It takes charisma to pull off abandoning hits halfway through.

On the last London night of his Boy Meets World tour (20 March), Drake doesn’t come on stage until 10pm, which is enough to kill off most gigs at the O2 Arena (hello, Bieber), as people are worried about getting the Tube home. The amount of rum and Coke in the room – a steaming, unrecognisable space with a false ceiling of globular lights and a stampeding crowd split in half by a fence – certainly helps keep the buzz. But who’d have thought that a man standing onstage diligently pointing at audience members and saying what they’re wearing (“You in the blue dress shirt with the ­lager!”) would constitute one of the most exciting nights the O2 has seen in a while?

“Tonight is not a show, not a concert, not about me,” says Drake, who runs an annual “Drake Night” in Toronto and once visited Drake University in Iowa.

So far, the world’s favourite rapper – his latest album, More Life, recently got 90 million streams on its first day of release on Apple Music alone – has had a shifting identity. His songs capture a new strain of emotionally literate but solipsistic hip-hop, which can feel intense or whiny depending on how you look at it. His offstage behaviour is Type-A rapper – he has been accused of throwing beer bottles at Chris Brown, he has been punched by Diddy and he has had altercations with Jay Z, Kendrick Lamar, Pusha T and Ludacris.

But Aubrey Drake Graham, the son of a white, Jewish mother and an African-American father who once played drums alongside Jerry Lee Lewis, does skits about his petulance on Saturday Night Live (see “Drake’s Beef”). Emotionally demonstrative, openly dysfunctional, a bit of a bruiser, with an ability to flit between a dozen styles of music while expressing a desire for crowd participation that borders on the needy . . . Could this man be the ­Michael Bublé of hip-hop?

Drake’s sprawling two-hour roadshow is held back from chaos by the force of his physical presence. Blunt-headed with muscular, sloping shoulders and mesmerising, nimble feet, he prowls the edge of the stage. He has had so many hits (and has so many guest stars tonight) that he is not interested in playing them all the way through. Instead, recalling Prince in the same venue ten years ago, the show becomes a series of medleys. With just a drummer and a synth player at the back of the stage, he demonstrates an invisible, physical control over the music, operating it like a string puppet, stopping or starting songs with the drop of a foot or the shrug of a shoulder, so they collapse in the middle and are gone.

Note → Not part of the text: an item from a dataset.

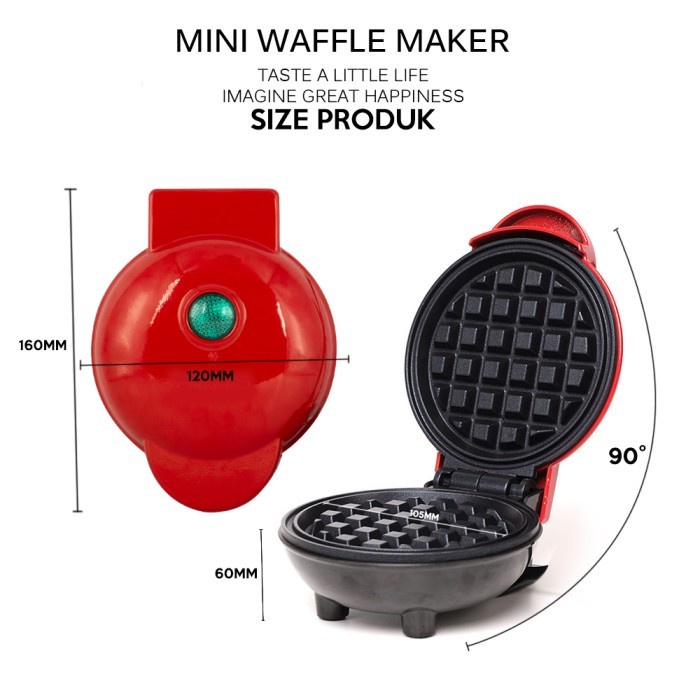 Alat Pembuat Waffle Cetakan Waffle Listrik Anti Lengket Low Watt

It takes charisma to pull off abandoning hits halfway through. Pointing at people in the audience, real or imaginary, is a music hall thing. Bruce Dickinson and Metallica’s James Hetfield do it too. Amid a hokey message to follow your dreams, he recalls his time spent singing for $200 a night as a John Legend tribute act. Cue a perfect demonstration of Legend-style singing – before he suddenly sloughs off “all this bathrobe-and-candle-sexy acoustic Ed Sheeran shit”, while huge columns of flame engulf the stage.

Drake is still at his best with blue, slinky songs of alienation – “9”, “Over”, “Feel No Ways” and “Hotline Bling”, which doubles up as make-out music for the couples in the crowd. One pair of lovers, Drake establishes during one of his crowd surveys, have been together for ten years. “I can’t even make a relationship last ten days,” he laments. In 2012, he told the Guardian, “I’ve had too many girls to ever feel uncomfortable about the man that I am.” An old-school boast from a modern man.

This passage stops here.